Liste mit sechs Standorten
Für die Suche nach einem geeigneten Standort für das Asylzentrum empfiehlt die Kommission dem Regierungsrat «ein mehrstufiges Verfahren», wie die Staatskanzlei mitteilt. Bis Ende Jahr soll demnach «eine Kurzliste von mehreren Objekten beziehungsweise Standorten erstellt werden, welche aufgrund des Kriterienkatalogs für die Realisierung dieser Pilotunterkunft infrage kommen könnten». Regierungssprecher Peter Buri sagt auf Nachfrage, die Liste werde von den Departementen Gesundheit und Soziales und Finanzen und Ressourcen erstellt. Dem Regierungsrat solle «rund ein halbes Dutzend Standorte beziehungsweise Objekte vorgelegt werden», ergänzt Buri. Im Vordergrund steht laut dem Regierungssprecher «eine feste, permanente Lösung». Der Kanton sucht also bestehende Gebäude, die gekauft oder langfristig gemietet werden können, Provisorien wie das Containerdorf im ehemaligen A3-Werkhof in Frick kommen eher nicht infrage.
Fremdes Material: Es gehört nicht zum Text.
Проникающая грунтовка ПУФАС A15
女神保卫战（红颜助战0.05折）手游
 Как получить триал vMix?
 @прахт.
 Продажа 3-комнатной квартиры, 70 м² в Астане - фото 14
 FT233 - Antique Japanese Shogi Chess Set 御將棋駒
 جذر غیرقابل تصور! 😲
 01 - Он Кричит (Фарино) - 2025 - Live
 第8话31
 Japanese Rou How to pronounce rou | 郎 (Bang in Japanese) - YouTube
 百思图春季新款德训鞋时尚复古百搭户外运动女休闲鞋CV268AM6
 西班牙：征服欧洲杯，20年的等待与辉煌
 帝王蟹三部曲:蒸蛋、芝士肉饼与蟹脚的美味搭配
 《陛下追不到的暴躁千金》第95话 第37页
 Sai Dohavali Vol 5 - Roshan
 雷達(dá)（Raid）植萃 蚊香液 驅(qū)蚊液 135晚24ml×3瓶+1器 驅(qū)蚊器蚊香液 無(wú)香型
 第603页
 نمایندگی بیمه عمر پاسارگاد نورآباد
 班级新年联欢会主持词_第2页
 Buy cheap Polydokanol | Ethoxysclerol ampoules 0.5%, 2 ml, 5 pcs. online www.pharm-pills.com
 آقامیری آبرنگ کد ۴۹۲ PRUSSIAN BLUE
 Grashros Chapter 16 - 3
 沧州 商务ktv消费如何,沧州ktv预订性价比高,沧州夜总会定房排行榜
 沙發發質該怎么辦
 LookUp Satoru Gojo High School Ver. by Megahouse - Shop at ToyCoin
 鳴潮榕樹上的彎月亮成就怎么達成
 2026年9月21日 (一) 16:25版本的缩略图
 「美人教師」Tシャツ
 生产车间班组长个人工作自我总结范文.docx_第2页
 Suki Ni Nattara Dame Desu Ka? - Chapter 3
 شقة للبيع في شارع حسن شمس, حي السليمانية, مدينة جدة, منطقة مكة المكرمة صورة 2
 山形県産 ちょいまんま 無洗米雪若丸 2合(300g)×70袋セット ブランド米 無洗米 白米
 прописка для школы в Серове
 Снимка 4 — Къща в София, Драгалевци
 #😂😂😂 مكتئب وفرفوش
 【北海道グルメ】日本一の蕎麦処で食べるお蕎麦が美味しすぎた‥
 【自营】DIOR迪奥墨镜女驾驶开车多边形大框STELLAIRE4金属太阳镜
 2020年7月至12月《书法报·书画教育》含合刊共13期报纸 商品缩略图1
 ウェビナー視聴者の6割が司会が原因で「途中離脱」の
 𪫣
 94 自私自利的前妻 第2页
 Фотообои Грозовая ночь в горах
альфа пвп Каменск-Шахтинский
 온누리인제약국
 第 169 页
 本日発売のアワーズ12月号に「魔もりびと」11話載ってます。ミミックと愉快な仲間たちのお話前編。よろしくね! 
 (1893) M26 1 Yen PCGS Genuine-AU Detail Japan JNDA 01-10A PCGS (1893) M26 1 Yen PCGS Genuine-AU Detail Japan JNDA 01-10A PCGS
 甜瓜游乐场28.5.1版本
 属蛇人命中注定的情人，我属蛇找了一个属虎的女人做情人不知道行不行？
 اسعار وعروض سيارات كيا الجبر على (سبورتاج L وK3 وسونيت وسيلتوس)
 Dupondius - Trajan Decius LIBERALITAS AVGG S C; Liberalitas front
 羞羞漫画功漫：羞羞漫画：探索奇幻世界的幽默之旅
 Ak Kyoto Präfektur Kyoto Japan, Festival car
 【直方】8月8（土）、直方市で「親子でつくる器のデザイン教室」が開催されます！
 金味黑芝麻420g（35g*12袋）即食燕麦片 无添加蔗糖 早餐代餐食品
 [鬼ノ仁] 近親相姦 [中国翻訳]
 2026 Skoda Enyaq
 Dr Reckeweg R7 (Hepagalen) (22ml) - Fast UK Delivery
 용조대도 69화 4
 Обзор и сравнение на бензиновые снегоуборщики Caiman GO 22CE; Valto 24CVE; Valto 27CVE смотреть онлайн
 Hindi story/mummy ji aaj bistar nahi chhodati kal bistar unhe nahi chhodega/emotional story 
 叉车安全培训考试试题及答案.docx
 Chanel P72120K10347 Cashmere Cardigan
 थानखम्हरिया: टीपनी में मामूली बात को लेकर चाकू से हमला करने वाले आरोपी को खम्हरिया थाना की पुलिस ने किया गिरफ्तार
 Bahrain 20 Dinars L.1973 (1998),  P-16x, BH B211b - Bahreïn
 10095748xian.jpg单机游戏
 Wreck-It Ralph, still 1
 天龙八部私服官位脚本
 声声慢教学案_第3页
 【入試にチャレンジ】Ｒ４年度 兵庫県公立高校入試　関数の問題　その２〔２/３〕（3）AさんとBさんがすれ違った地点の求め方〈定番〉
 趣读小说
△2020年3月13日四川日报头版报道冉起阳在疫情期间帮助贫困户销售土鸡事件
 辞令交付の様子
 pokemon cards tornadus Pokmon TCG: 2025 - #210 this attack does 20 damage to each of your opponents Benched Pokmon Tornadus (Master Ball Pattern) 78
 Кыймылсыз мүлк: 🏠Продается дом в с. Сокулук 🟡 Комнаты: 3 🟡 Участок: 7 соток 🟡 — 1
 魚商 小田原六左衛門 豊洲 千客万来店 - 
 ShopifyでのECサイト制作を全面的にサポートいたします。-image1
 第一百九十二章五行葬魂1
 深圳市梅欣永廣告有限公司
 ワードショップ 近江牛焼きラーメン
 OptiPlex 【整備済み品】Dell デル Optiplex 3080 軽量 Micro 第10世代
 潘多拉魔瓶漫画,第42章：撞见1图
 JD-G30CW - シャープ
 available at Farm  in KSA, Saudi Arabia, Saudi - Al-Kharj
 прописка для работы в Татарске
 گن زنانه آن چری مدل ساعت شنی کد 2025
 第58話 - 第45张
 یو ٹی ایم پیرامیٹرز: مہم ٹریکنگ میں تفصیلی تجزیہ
In den vergangenen Jahren kam es mehrfach zu Konflikten zwischen dem Kanton und jenen Gemeinden, wo Asylunterkünfte eröffnet werden sollten. Dies primär deshalb, weil die lokalen Behörden und die Bevölkerung vor Ort erst informiert wurden, wenn das Sozialdepartement die Mietverträge für die Asylzentren unterschrieben hatte. Dies soll sich bei der Standortsuche für die erste kantonale Grossunterkunft nicht wiederholen. Die betroffenen Gemeinden sollen «frühzeitig in den Entscheidungsprozess einbezogen werden», heisst es in der Mitteilung. Konkret soll Anfang 2018 mit möglichen Standortgemeinden für die Grossunterkunft eine Informationsveranstaltung durchgeführt werden.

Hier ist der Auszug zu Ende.